Pelas terras de Santa Catarina (dia 1)

Os sonhos são todos possíveis...

Se você ainda não conseguiu,

é porque não sonhou forte...



Pelas terras de Santa Catarina (dia 1)
(Paulo R. Boblitz - 4/set/2012)

A música tocava em minha mente, inexplicável percussão em tons graves, enquanto montava minha boa amiga... O céu estava bastante nublado; a marca indicava 17 graus...

Meu pensamento viajou até setembro de 2011, um ano atrás, tempo em que terminei minha Estrada Real. O Tempo, essa dimensão que hora passa rápido, hora passa arrastando-se...

Já no avião de volta, as saudades espalhavam-se... A coceira, essa que não passa nunca, já se anunciava produzindo idéias, que floresceram, criaram frutos, e agora estava prestes a saboreá-los...

Um jato decola sob fortes ondas sonoras, quem sabe carregado de outros sonhos..?

Bicicleta sem nenhuma avaria, roda dianteira já montada, pneus com boa pressão, suspensão aguardando pelas libras necessárias; faltava pouco para eu sair pedalando... Olhares curiosos espreitavam; um olhar de quem entende se aproximou e se interessou. Enquanto vou me arrumando, vamos conversando, embora a conversa apenas atrapalhe, porque me tira a concentração, me faz repetir tarefas... - a ansiedade falava mais alto...

O novo amigo quer ajudar, quer perguntar, quer participar, mas quanto mais ele se esforça, mais me põe longe do objetivo, e isso não é culpa de ninguém; apenas empolgação...

O lixo gerado se avoluma, plástico bolha, papelões, fita adesiva...; vou colocando tudo junto, para numa lixeira depositar...

Instalo os alforjes, a bolsa de guidão, dobro o mala-bike e o prendo com elástico sobre os alforjes; preciso comprar água... Quase esqueço de colocar o óleo na corrente; é como ir para a guerra sem munição...

Outro leão ruge, desta vez a pousar; os tambores da selva batucam, monto e vou embora...

Apresento-me no Posto da Guarda da Base Aérea de Florianópolis; eles já têm o meu nome, obra da amiga Gabriela.

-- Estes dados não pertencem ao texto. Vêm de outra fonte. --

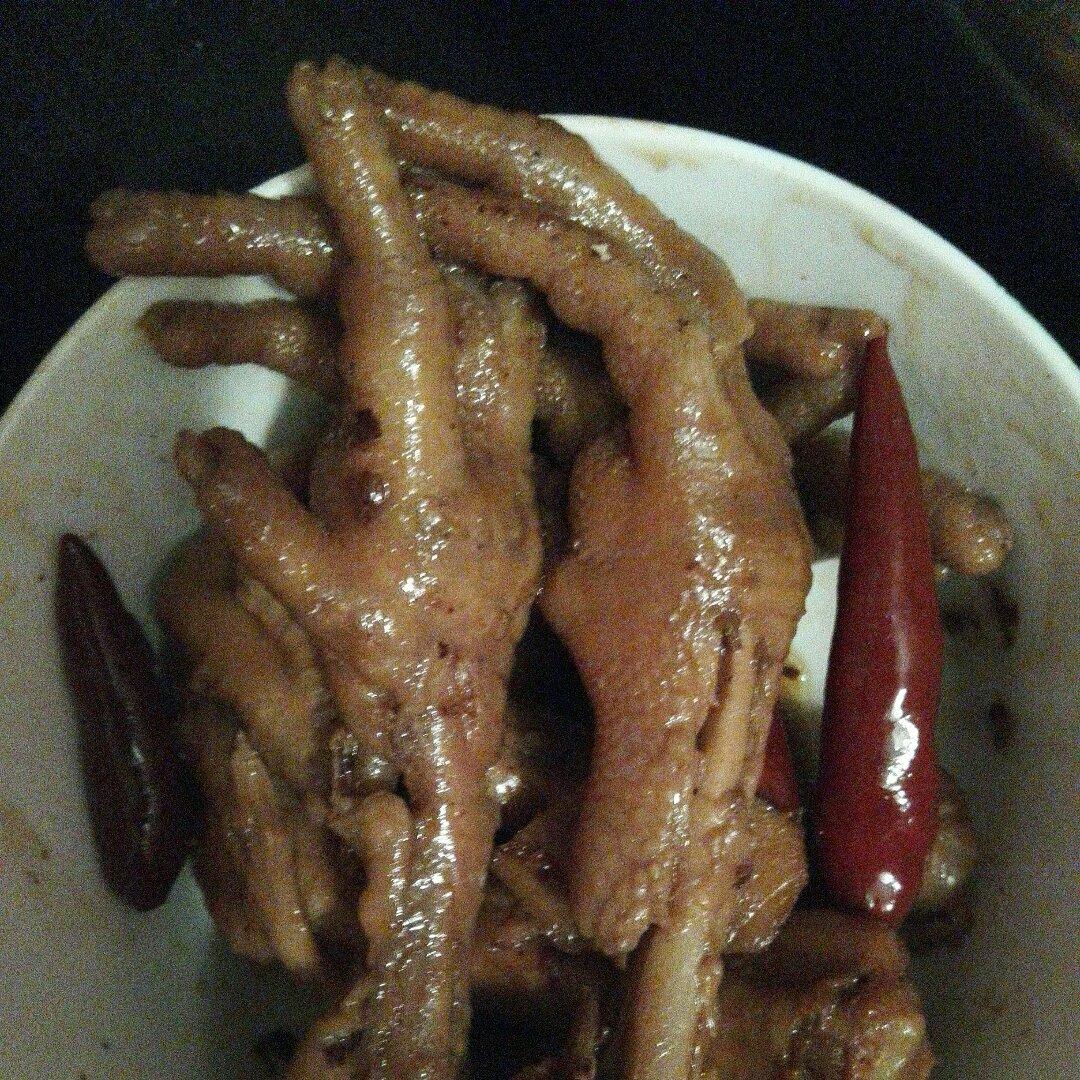 香辣卤鸡爪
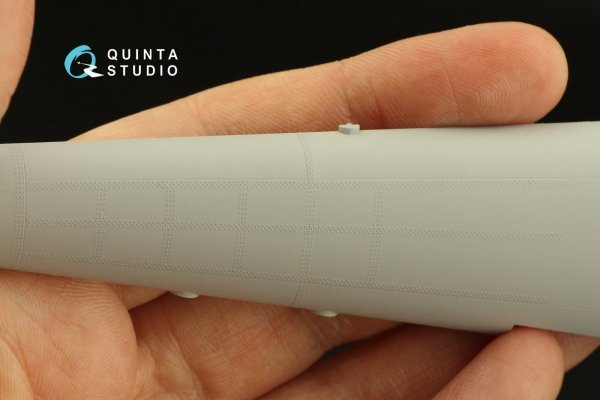 Quinta Studio QRV-036 Triple riveting rows (rivet size 0.15 mm, gap 0.6 mm, suits 1/48 scale), Black color, total length 4.4 m/14 ft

A cancela é erguida e finalmente começo meu roteiro. Lá na frente, em outro Posto de Controle, novamente me identifico para entrar e dar um abraço na bela amiga. Conversamos e sigo adiante; já são quase 11 horas...

À minha frente, a pacata baía cheia de viveiros de ostras. À minha direita um Hércules voando bem baixo, despeja um paraquedista; tropa de elite do Rio de Janeiro está atacando a Base... Suspiro longo e sigo pela esquerda, onde minha primeira ladeira forte está a me aguardar; lá em cima o último Posto de Controle me separa do bairro Tapera, que se desenvolveu à volta da Base Aérea; novamente me identifico e sigo em frente, ligo para a amiga Cristiane, que numa bicicleta me encontrará pelo meio do caminho. É ela quem me guiará até a praia Morro das Pedras, para vermos as baleias francas que chegam para o acasalamento, mas antes, a barriga precisa parar de reclamar. Cris, muito simpática e bonita, logo me apresenta um Rodízio de Ostras, especialidade do Ribeirão da Ilha, que todos levam muito a sério, referência que traz franceses para o aprendizado.

Estão todas vivas. Com o cutelo, ela abre a primeira e saboreio ao natural; tem leve gosto de maresia. Experimento outra ao natural, desta vez com limão, e a maresia vai embora...

Pego o cutelo e tento abrir uma, mas é preciso força e jeito; o cutelo quase fura minha mão. Ela sorri e enfia o cutelo numa delas que está um pouquinho aberta; a ostra se fecha e tenho que fazer força para retirar a ferramenta do aperto.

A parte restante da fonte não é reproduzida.